What lies beneath the EC’s emissions edicts?10 August 2010
There is one key aspect of the EC's drive to reduce emissions from vans, but in particular trucks, that few in the corridors of power seem able to bring themselves to admit, much less discuss. It is that, in the legislators' disjointed haste to bear down on emissions of harmful NOx and particulates, not only are they jeopardising the industry's scope to cut equally important carbon dioxide emissions (to which European member governments are committed), but also almost inevitably racking up the cost of new vehicles, potentially beyond the ability of most current operators' capacity to pay.
Estimates of the additional on-cost of Euro 6 compliant vehicles vary widely, but, suffice to say, we're not talking a few hundred pounds; it's more likely to be several thousand. Why? Because it's not just about the major international manufacturers throwing millions of euros, krone and dollars at engine development, crucial though that is.
It's also about significant work on new chassis and front-end designs – within existing dimensional constraints – in order to cope with the greatly increased heat rejection required to make the EGR (exhaust gas recirculation) component of these new engines function anything like as efficiently as they already do at Euro 5. And it's about that massive spend probably having to be amortised over fewer vehicles purchased over fewer years. Even in emerging from the global recession, new truck purchases remain stubbornly low. Meanwhile, the EC's track record suggests that it can't be long before the words 'Euro 7' are being uttered, and manufacturers will be into the next, even more costly, cycle of development.
Why are so few people who could wake up the pen pushers prepared to put their heads above the parapet? Possibly, it's because they are concerned about being labelled environmentally unfriendly. Not good for brand image, that. Or possibly it's because they recognise that, as the world's obsession with climate change quite rightly continues to accelerate and the deadlines for truly massive CO2 reductions draw closer, something, somewhere, is going to have to give.
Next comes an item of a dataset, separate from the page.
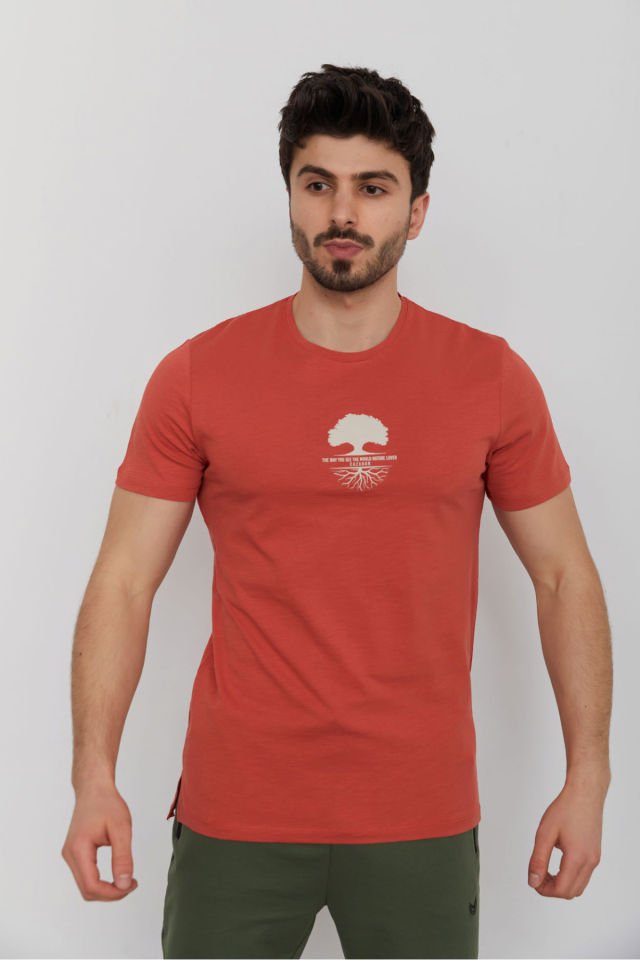 CAZ 4170 Erkek Baskılı Bisiklet Yaka T-Shirt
Although it seems unthinkable now that the specification for Euro 6 might yet be softened, when hard realities start to bite, who can predict what aspirations might take a tumble?
But there is another possibility, too. It is conceivable that technologies other than those associated with the diesel engines that have served us so well may come to the rescue and ameliorate our troublesome emissions loadings. Quite when is an open question. And at what cost (financially and environmentally) is another. However, hybrids are proving their worth in the bus and coach sector, and MAN, Mercedes-Benz and others are already proving the technologies' potential, if price and performance can be improved.
Last month. LowCVP (the Low Carbon Vehicle Partnership) recognised Iveco, Commercial Group, TfL London Bus Services, Greenergy International and Oxford YASA Motors, among others, for their work on carbon-reducing technologies and services. The hunt is now on for next year's winners. Maybe no one is going to have to blow the whistle on the mutually exclusive diktats of Euro 6.